- Opening Delimiter -
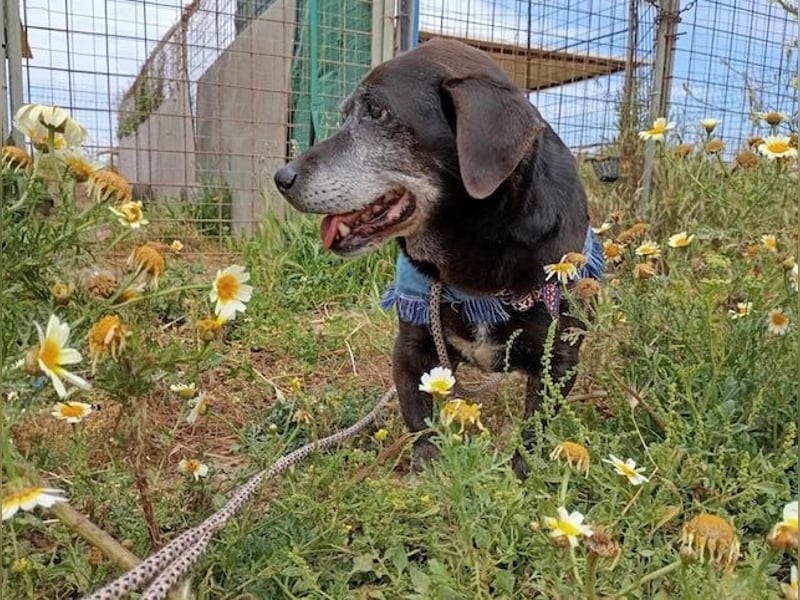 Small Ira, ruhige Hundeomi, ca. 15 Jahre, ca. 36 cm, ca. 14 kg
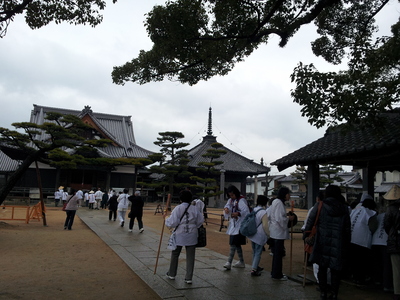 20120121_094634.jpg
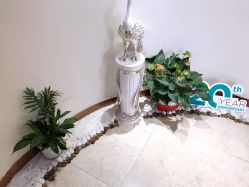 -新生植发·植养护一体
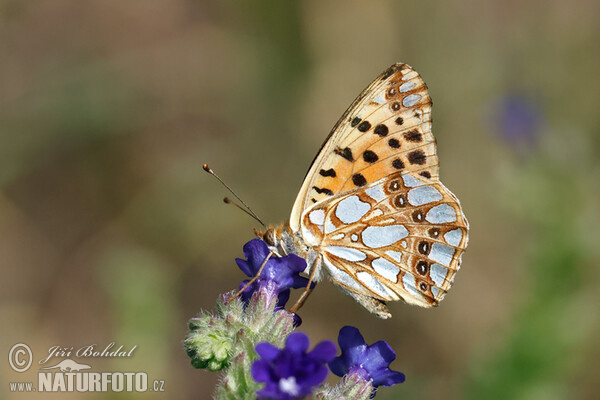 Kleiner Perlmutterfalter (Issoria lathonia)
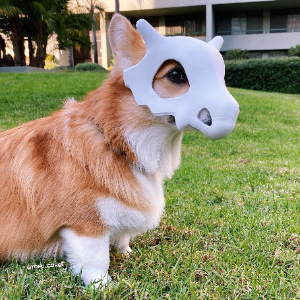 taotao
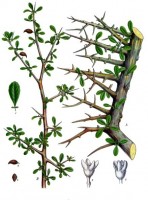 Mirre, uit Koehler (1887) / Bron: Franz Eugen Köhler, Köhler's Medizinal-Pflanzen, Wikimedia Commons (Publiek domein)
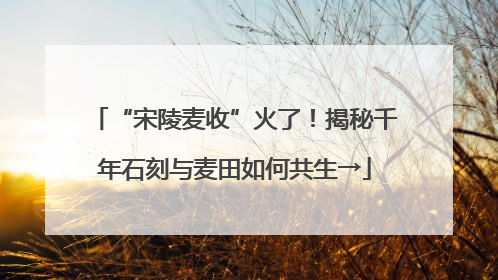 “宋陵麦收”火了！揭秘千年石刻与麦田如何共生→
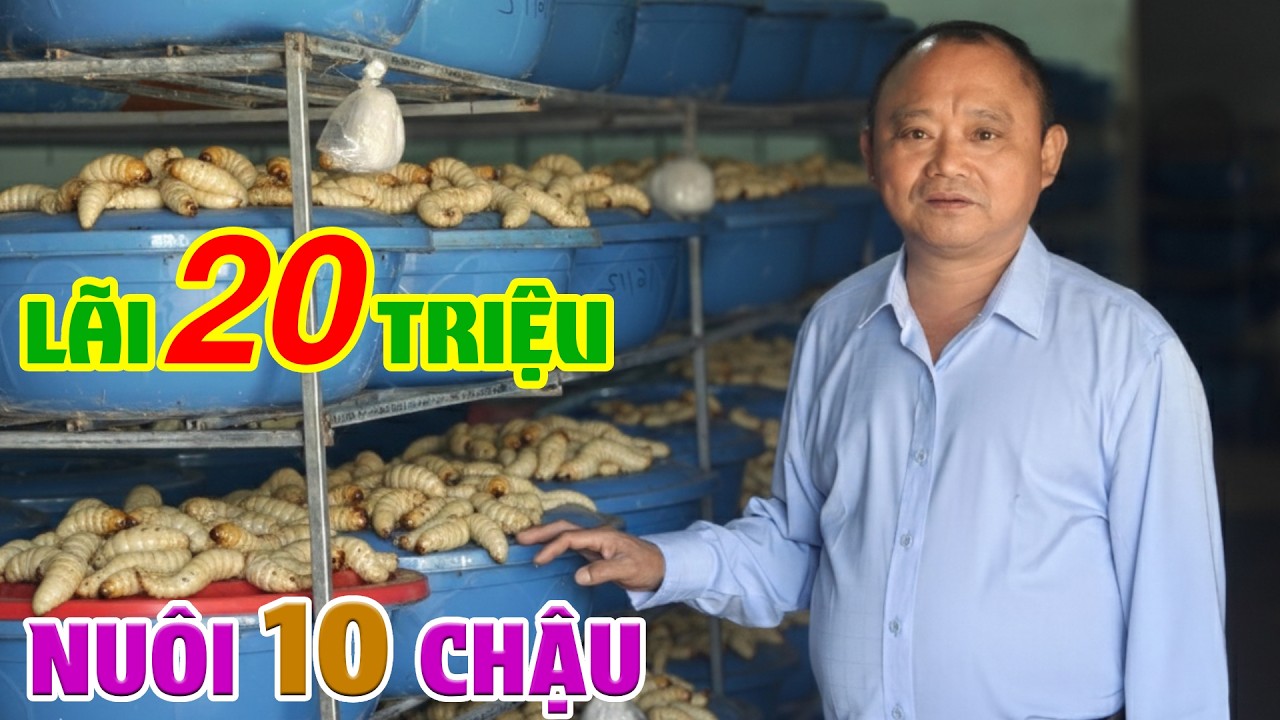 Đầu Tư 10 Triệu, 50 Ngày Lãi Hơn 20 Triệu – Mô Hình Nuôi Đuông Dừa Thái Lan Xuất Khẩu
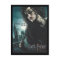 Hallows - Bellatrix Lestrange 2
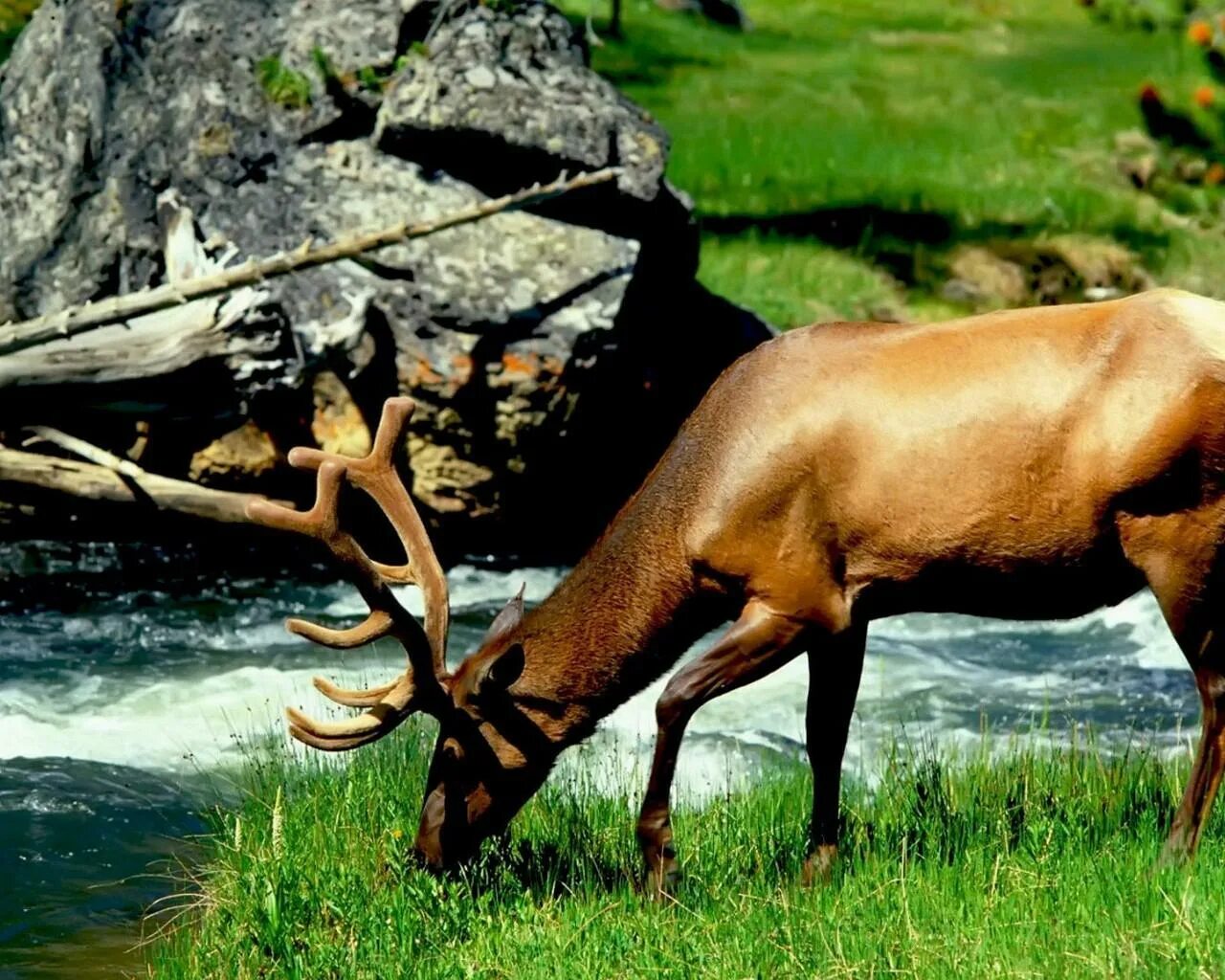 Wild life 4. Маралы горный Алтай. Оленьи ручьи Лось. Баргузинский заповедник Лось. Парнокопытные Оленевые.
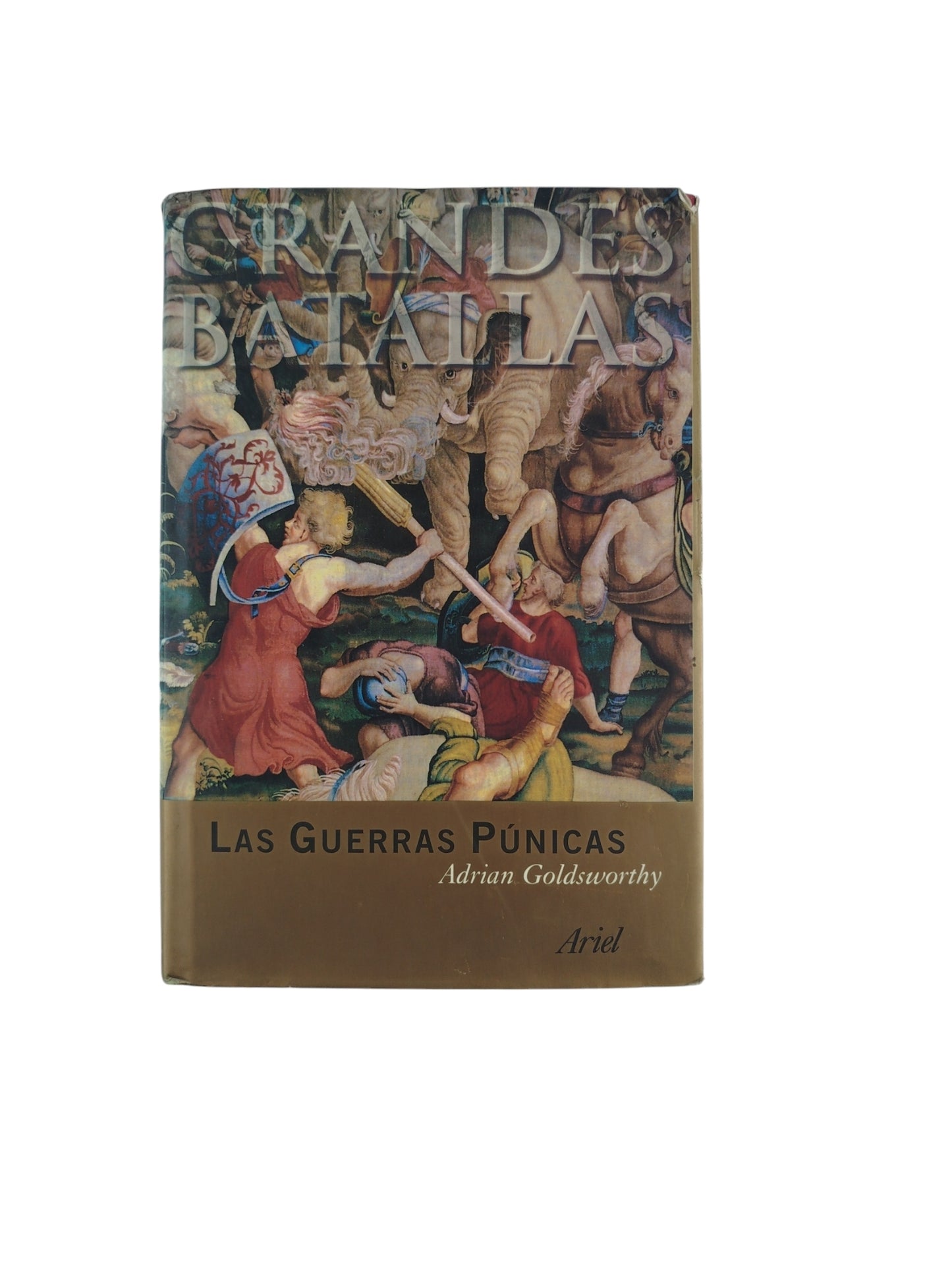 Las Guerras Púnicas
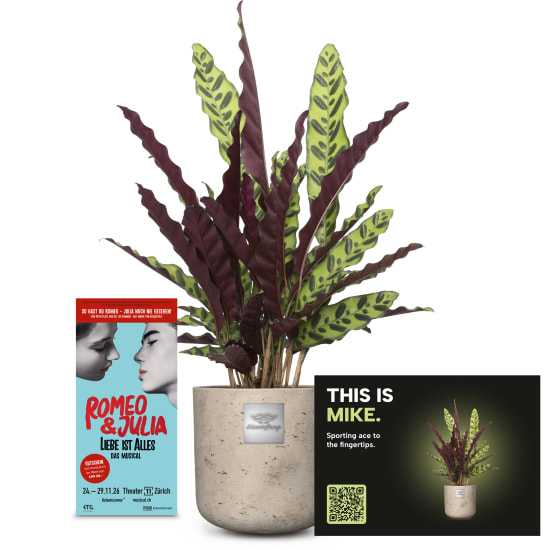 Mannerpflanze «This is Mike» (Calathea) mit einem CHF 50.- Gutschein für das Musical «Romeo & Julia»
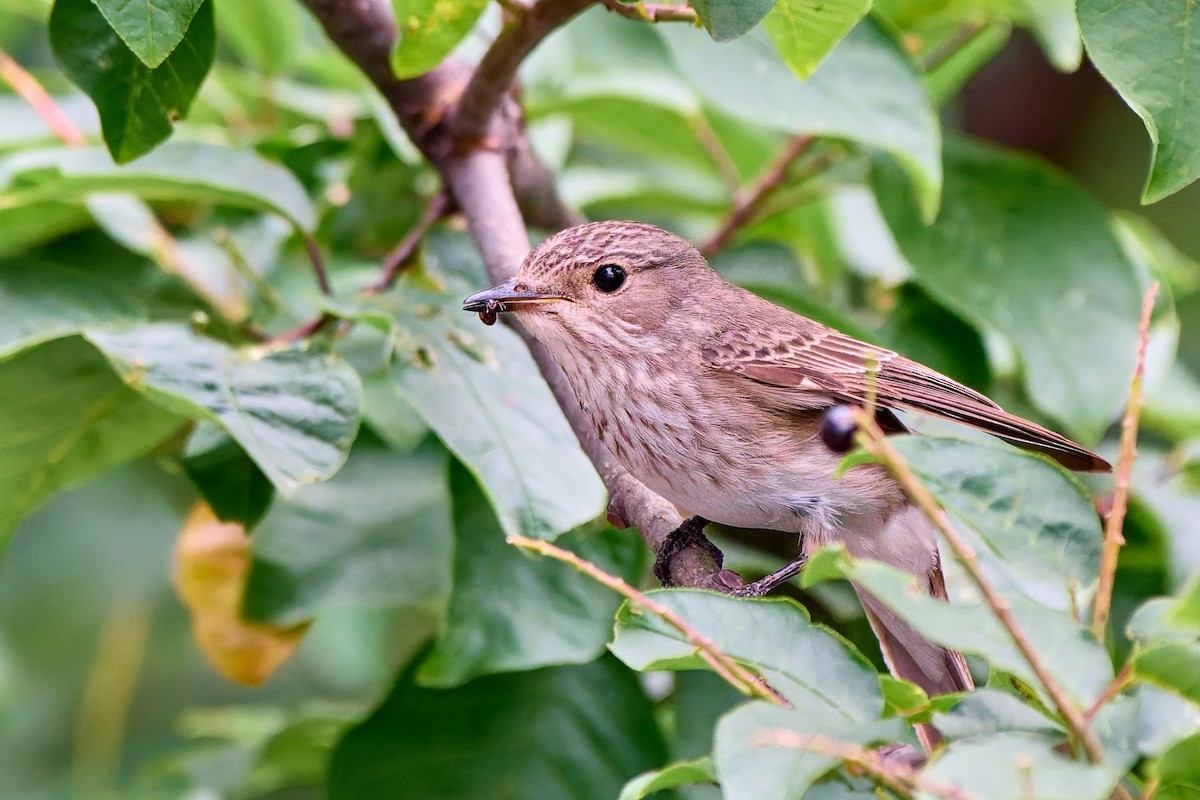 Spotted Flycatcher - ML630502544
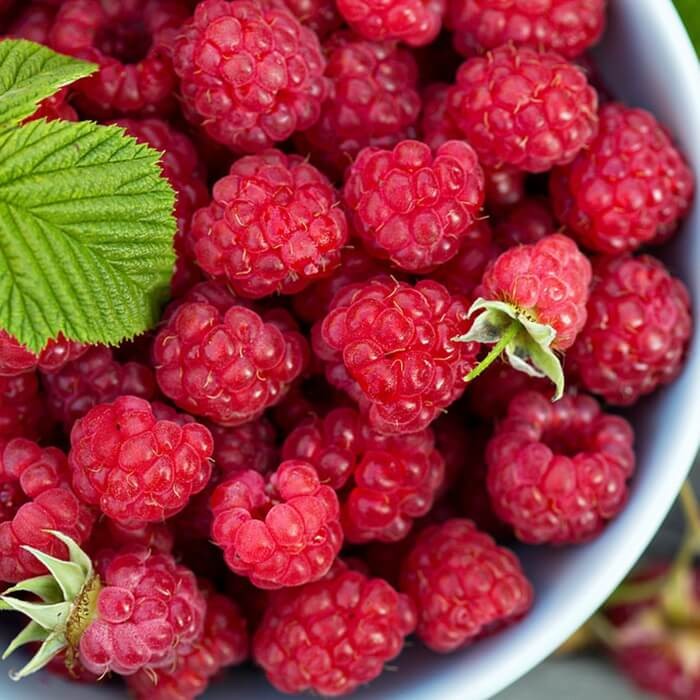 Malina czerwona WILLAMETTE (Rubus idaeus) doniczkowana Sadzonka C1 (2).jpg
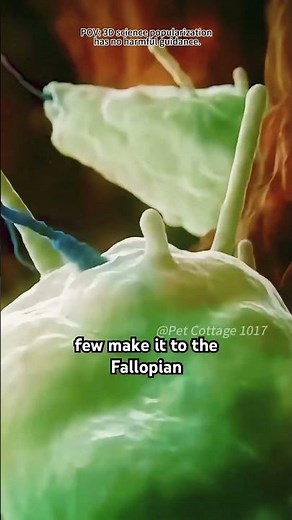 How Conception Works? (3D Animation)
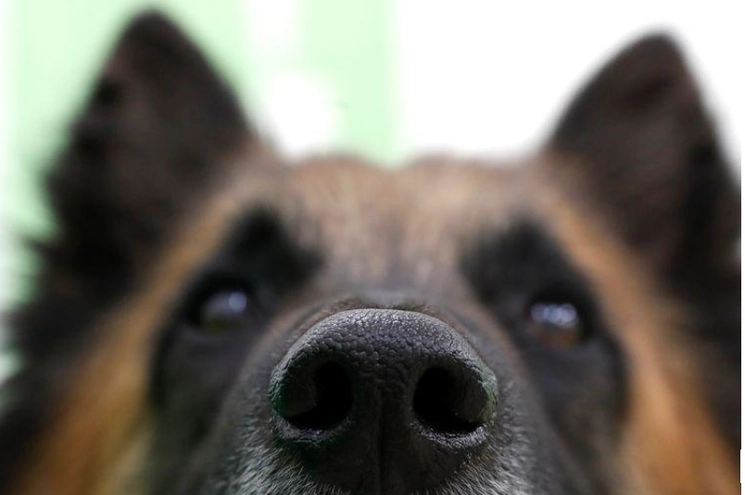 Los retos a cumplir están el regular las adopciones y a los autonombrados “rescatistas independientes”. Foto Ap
- Closing Delimiter -
Action item
The expected output is the full material above, unaltered, with pictures removed.

Answer section
 Small Ira, ruhige Hundeomi, ca. 15 Jahre, ca. 36 cm, ca. 14 kg
 20120121_094634.jpg
 -新生植发·植养护一体
 Kleiner Perlmutterfalter (Issoria lathonia)
 taotao
 Mirre, uit Koehler (1887) / Bron: Franz Eugen Köhler, Köhler's Medizinal-Pflanzen, Wikimedia Commons (Publiek domein)
 “宋陵麦收”火了！揭秘千年石刻与麦田如何共生→
 Đầu Tư 10 Triệu, 50 Ngày Lãi Hơn 20 Triệu – Mô Hình Nuôi Đuông Dừa Thái Lan Xuất Khẩu
 Hallows - Bellatrix Lestrange 2
 Wild life 4. Маралы горный Алтай. Оленьи ручьи Лось. Баргузинский заповедник Лось. Парнокопытные Оленевые.
 Las Guerras Púnicas
 Mannerpflanze «This is Mike» (Calathea) mit einem CHF 50.- Gutschein für das Musical «Romeo & Julia»
 Spotted Flycatcher - ML630502544
 Malina czerwona WILLAMETTE (Rubus idaeus) doniczkowana Sadzonka C1 (2).jpg
 How Conception Works? (3D Animation)
 Los retos a cumplir están el regular las adopciones y a los autonombrados “rescatistas independientes”. Foto Ap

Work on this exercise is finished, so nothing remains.